Anyway, there seems to be just one problem. Neither Sumbal or Ammar have a driving licence, a must to be able to drive the tuktuk. So now I have a tuktuk, I have the road support team, but still need to find a driver. Maybe one of the nice people from somewhere around the world who has come to travel around Sri Lanka will jump at the opportunity to travelling around in a tuktuk. Who knows? The way the things are taking shape, life seems to be headed towards a positive outcome and I am almost certain that everything will fall in place in the next couple of days.
The last few days in Colombo have been awesome.

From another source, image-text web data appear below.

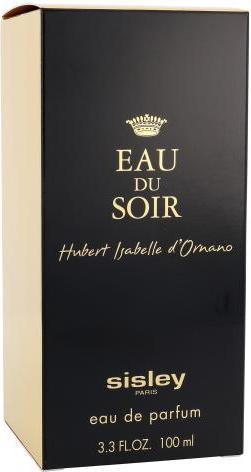 Produktbild Sisley Eau du Soir (Eau de Parfum, 100 ml)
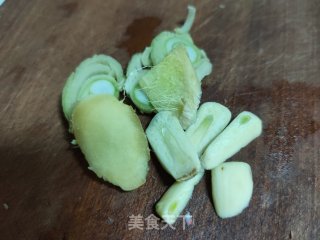莜面鱼鱼的做法步骤：6
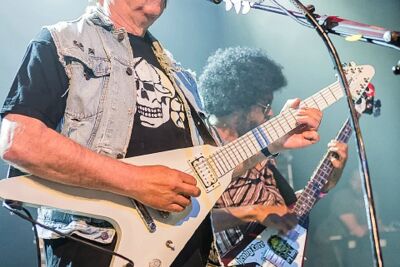 CPeX @ De Casino, picture 8, photographed by Edwin Houdevelt - FrontView Magazine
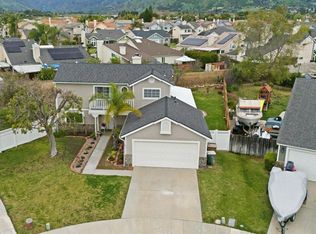 228 Parkhaven Ct, Fillmore, CA 93015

It is so much like an extension of India that it could well be another Indian city. The difference though is that the traffic is far more gentle, the number of people of the roads are way lower than what one would see in any Indian city, and NO ONE HONKS. Also, every few hundred yards there are designated zebra crossings for pedestrians. No traffic light at these places and no policemen, but everyone stops to allow the pedestrians to cross. I found this to be extremely interesting. And the streets are so clean it is not funny. That is certainly a culture shock. It is individuals who are making the difference by not littering, not honking, not indulging in road rage, allowing pedestrians the right of way, etc. The Government can only set the guidelines and the laws, it is up to individuals to either follow it or break it with impunity.
Colombo has been good to me for the last three days and I know it will continue be so in the future. Now to wait for Mar 08 and hit the water and let the expedition begin. And I will have company on the boat with me. I hope Sumbal and Ammar enjoy it as much I will.